Anlatılan olaylar ve düşünceler sıraya sokulmalı: Her anlatımın bir planı vardır. Bu plan, konuya göre değişebilir. Olayların anlatımında “hareketli plan”, düşüncelerin anlatımında “düşünsel plan”, şiirlerin anlatımında ise “duygusal plan” geçerlidir. Bu bağlamda anlatıcı, anlatacağı konuya göre bir plan yapmalıdır. Bu planda konuya göre ele alacağı olayları, düşünceleri, duyguları bir sıraya koymalıdır.

Anlatımda birlik elmalı: Anlatımda plana bağlı kalınmalıdır. Konu dışındaki hiçbir olaya veya düşünceye anlatımda yer verilmemelidir. Anlatımda yer verilen her ayrıntı, konuyla ilgili olmalıdır. Konuyu açıklayıcı ve tamamlayıcı özellikler taşımalıdır. Buna “anlatımda birlik” denir.

Anlatımda duruluk ve akıcılık olmalı: Anlatım, ekonomik olmalıdır yani duygu ve düşünceler yeterli ve gerekli sözcüklerle aktarılmalıdır. Konu mümkün olduğunca az sözcükle anlatılmalı, gereksiz sözcüklere anlatımda yer verilmemelidir. Buna anlatımda “duruluk” denir. “Akıcılık” ise okuyucunun konuyu anlamasını zorlaştıracak sözcüklerin anlatımda kullanılmasından kaçınılmasıdır. Dolayısıyla bir anlatım “duru” ve “akıcı” olmalıdır.

Bilgilerde doğruluk, duygularda içtenlik olmalı: Anlatıların doğru olması, anlatımın başarısını etkiler. Anlatımda duygular aktarılacaksa yazar içten bir tavır sergilemeli, yapmacıklıktan kaçınmalıdır. Bu bağlamda anlatıcı övünmekten, abartmaktan ve okuyucunun yazıyı anlamasını zorlaştıracak sözcükleri kullanmaktan kaçınmalıdır.

Yazım (imla) kurallarına ve noktalama işaretlerine uyulmalı' Dildeki sözcüklerin nasıl yazılacağını belirleyen kuralların ve kullanımların tümüne “yazım (imla)” adı verilir.

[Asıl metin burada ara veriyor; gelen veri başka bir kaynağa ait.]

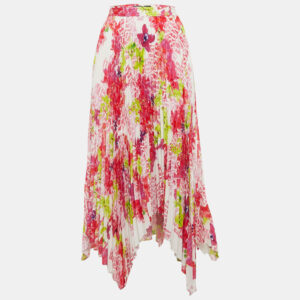Versace Multicolor Floral Print Satin Pleated Asymmetric Midi Skirt L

Bir dilin yazılma biçimini belirleyen kurallara da “yazım kuralları” denir. Türkçede her ses, bir harfle gösterilir. Bu tür yazıma “fonetik (sesçil) yazım” denir. Yazım kuralları ve noktalama işaretleri trafik işaretlerine benzer. Nasıl trafik işaretleri trafiğin düzenini sağlarsa yazım kuralları ve noktalama işaretleri de anlatımın düzenini sağlar. 

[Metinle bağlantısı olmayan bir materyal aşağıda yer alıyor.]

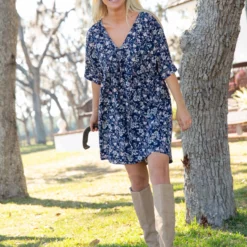 Natural Life Stella V-Neck Dress - Navy Tan Floral -Natural Life Shop LHDRS1805 3 scaled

Anlatım özgün olmalı: İyi bir anlatım “biricik”tir. Bu bağlamla da anlatım özgün olmalıdır. Anlatımda özgünlük, başkalarına benzemeden, öykünmeden biçim ve içerikte benzersiz olmaktır. Dolayısıyla özgün bir anlatım gerçekleştirebilmek “üslup sahibi” olmayı gerektirir. Üslup sahibi olan bir sanatçı, başkalarıyla aynı konuları işlese bile anlatıma kendi damgasını vurur ve anlatımı “biricik” hâle getirebilir.

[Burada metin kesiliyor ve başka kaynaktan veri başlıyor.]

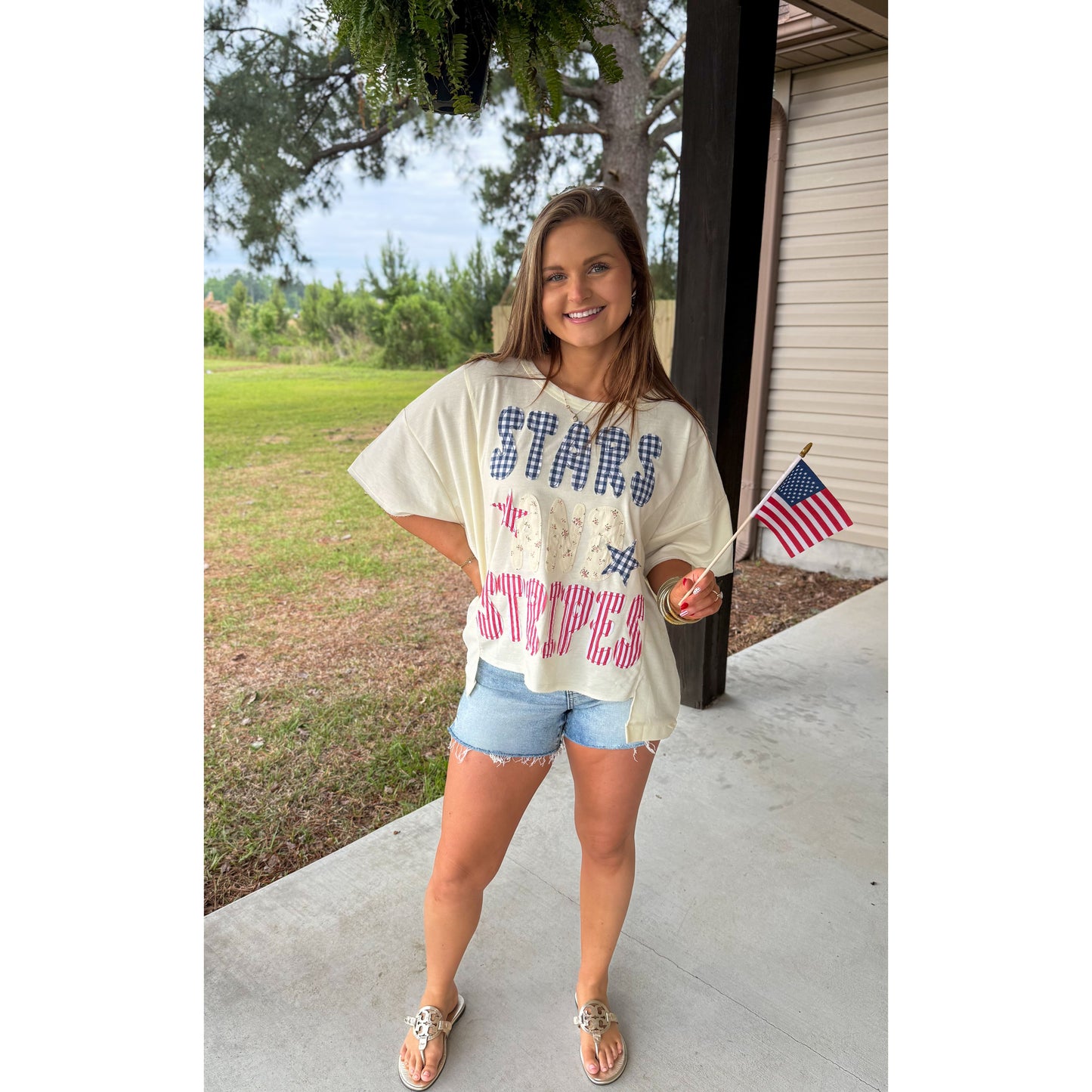 Stars & Stripes Graphic Top, Multi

Anlatım etkileyici olmalı: Anlatım okuru sarmalı, onda değişiklikler meydana getirebilme gücüne sahip olmalıdır. Bu da anlatımın okur tarafından beğenilmesini gerektirir. Okur, beğendiği yazıdan etkilenir. Beğenilen anlatım, okur üzerinde iz bırakır. Bu yüzden anlatımın her bakımdan etkileyici olması gerekir.